FATCA was signed into U.S. law in March 2010. On February 5, 2014, Canada and the United States signed an intergovernmental agreement regarding FATCA. Canadian tax regulations related to FATCA came into effect in stages; the first stage began on July 1, 2014.
Under that agreement, Canada agreed to pass laws requiring financial institutions to report annually to the Canada Revenue Agency (CRA) on specified accounts held in Canada by U.S. persons.
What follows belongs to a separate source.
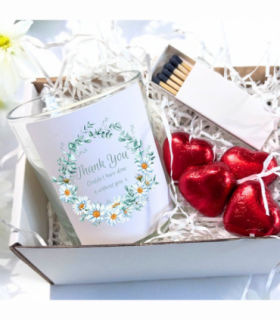 Thank You Daisy Flowers Candle Gift Set | Friends Gift Hamper | Teacher Gift Set | Gift To Say Thanks | Nurses Gift Box UK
The CRA forwards this reporting to the IRS under the provisions of the Canada-U.S. Tax Convention.
What does this mean to Scotiabank and our customers?
In accordance with Canadian Regulations related to FACTA and existing obligations under Know Your Customer (KYC) regulations, Scotiabank collects self-certifications from all new customers.
Existing customers opening new in-scope accounts or providing information identifying a U.S. indicator, are also required to complete a self-certification form attesting to their tax residency status.
If a customer does not provide a self-certification, the Bank may be not be able to open a new account for the customer.
The Scotiabank Group has always been committed to keeping clients' personal information accurate, confidential, secure, and private. Our response to Canadian tax regulations related to FATCA are held to our standard of strict compliance with Canadian privacy laws, and our approach will reflect our longstanding commitment to client privacy and client service.